Tapi asli kok, banyak banget remaja apalagi kalangan cewek yang merasa seperti kena kutukan kalo sampe predikat jomblo mereka sandang. Akhirnya dengan berbagai macam cara mereka berusaha untuk melepaskan kutukan ini meskipun dengan berbagai cara. Sudah nonton film 30 Hari Mencari Cinta? Di film itu kan menceritakan tiga orang remaja cewek yang sama-sama berada pada kondisi jomblo. Mereka membuat kesepakatan untuk mencari pacar dalam waktu 30 hari. Bagi yang menang, maka ia akan menjadi raja dan diperlakukan bak putri karena semua pekerjaan rumah akan dikerjakan oleh yang kalah.
Singkat cerita, mereka bertiga benar-benar fokus untuk mendapatkan pacar dalam rentang waktu itu. Karena ngebetnya, sampai-sampai harga diri pun sempat akan tergadaikan ketika sang pacar menginginkan making love alias berhubungan seksual layaknya suami-istri. Belum lagi ngebetnya salah satu tokoh di sana pingin merasakan nikmatnya ciuman bibir sampai melatih diri dengan guling. Naudzhubillah.
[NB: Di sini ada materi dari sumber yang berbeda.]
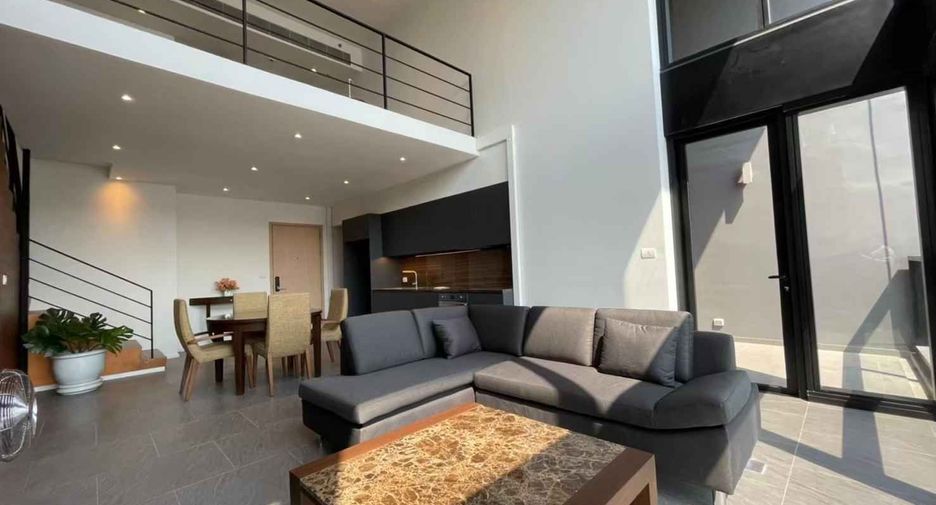 For rent 2 bedrooms condo in Sathon, Bangkok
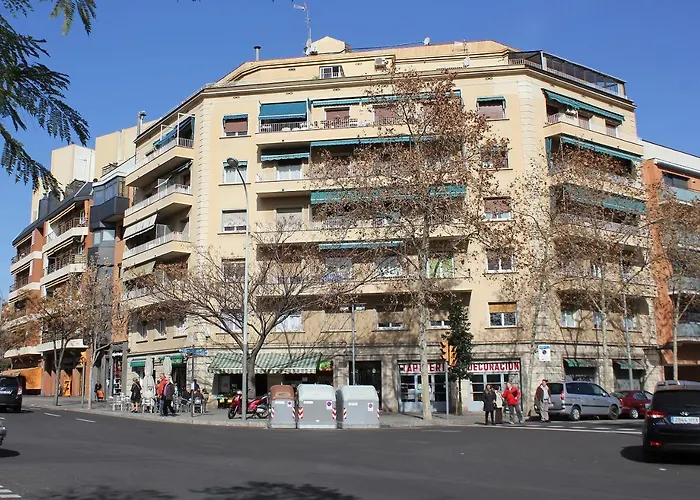 Felip - Spacious And Quiet Apartments & One With Terrace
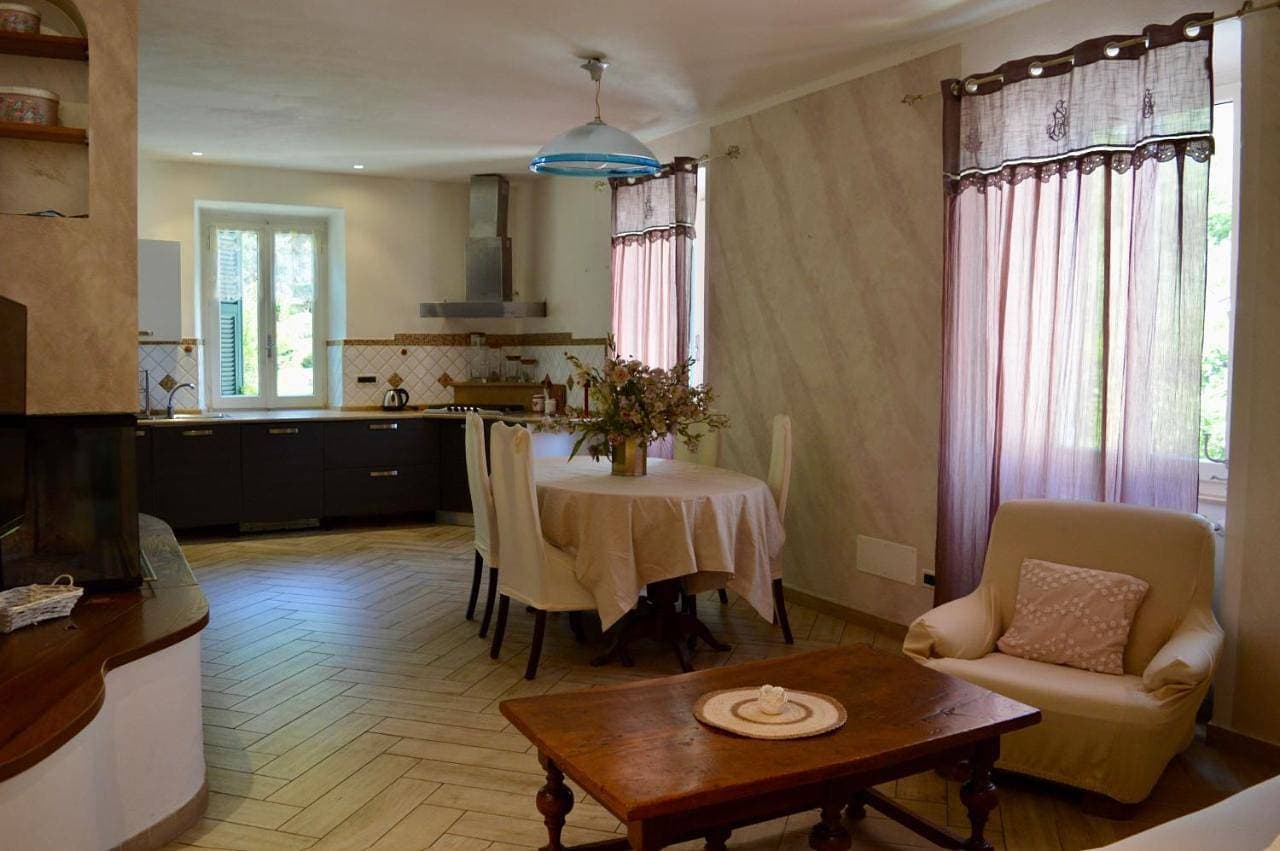 Foto 4 von 28: Two-Bedroom House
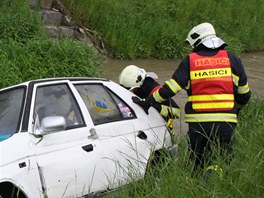 Auto se pevrtilo do potoka v Bohuslavicch na Zlnsku. Dva dospl a dv mal dti zachrnili mstn a svdci. (kvten 2010)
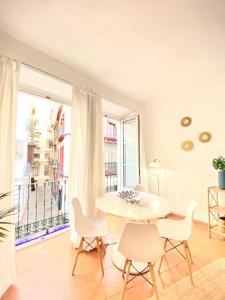 A balcony or terrace at SuperB Apartment in downtown of Sevilla ,parking optional, Top !!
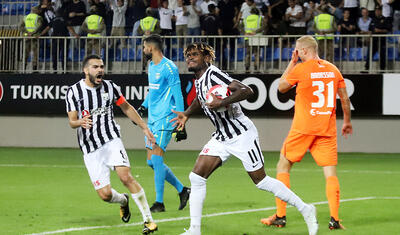 “Neftçi”nin qələbəsini görən kiprli qız -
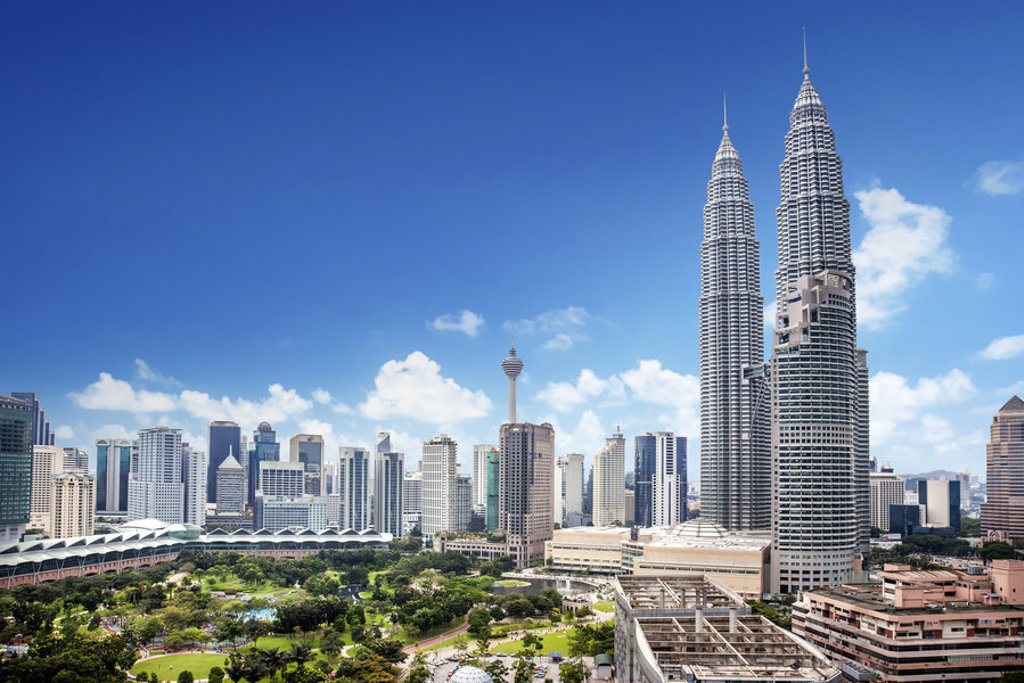 Skyline van Kuala Lumpur met de Petronas Twin Towers tijdens een familiereis door Maleisië.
Belum lagi resiko bubarnya persahabatan yang mereka bina selama ini hanya karena cemburu dan khawatir pacarnya diembat sahabat sendiri. Meskipun ending-nya semua pacar-pacar karbitan itu pada bubar, tapi kita bisa melihat seberapa parah kondisi remaja kita saat ini terutama dalam pergaulannya.
So, ternyata predikat jomblo begitu menakutkan buat sebagian remaja yang miskin iman. Mereka lebih memilih jalan maksiat dengan pacaran daripada menyandang status ini. Meskipun seringkali dalam pacaran mereka juga merasa terpaksa. Bisa karena dipaksa teman, bisa karena dipaksa ortu, bisa juga dipaksa diri sendiri karena konsep diri yang salah. Jadi emang bisa banyak alasan.
Dipaksa teman terjadi bila teman satu genk pada punya cowok semua. Trus ada satu yang nganggur. Jadilah ada pemaksaan beramai-ramai supaya yang satu ini segera dapat gebetan. Udah deh, siapa aja boleh asal berstatus cowok. Waduh, gawat juga kan. Bisa-bisa sapi dipakein celana bisa diembat juga tuh saking nafsunya (hehehe…)
Ortu bisa jadi mengambil peranan dalam ajang kemaksiatan ini. Ada loh beberapa tipe ortu yang kelimpungan ketika anak gadisnya belum punya pacar. Padahal anaknya sendiri udah nyadar bahwa ini adalah ajang berlumur dosa. Eh, ortunya ngotot agar sih anak nyari pacar. Tulalit banget kan?
Atau bisa juga konsep diri remaja yang salah. Ia merasa merana tanpa punya pacar. Ia merasa jelek dan nggak laku ketika belum pernah merasakan rasanya pacaran. Ia akan jauh lebih bahagia bila ada cowok di sampingnya. Nah, ini adalah konsep yang salah dan menyesatkan.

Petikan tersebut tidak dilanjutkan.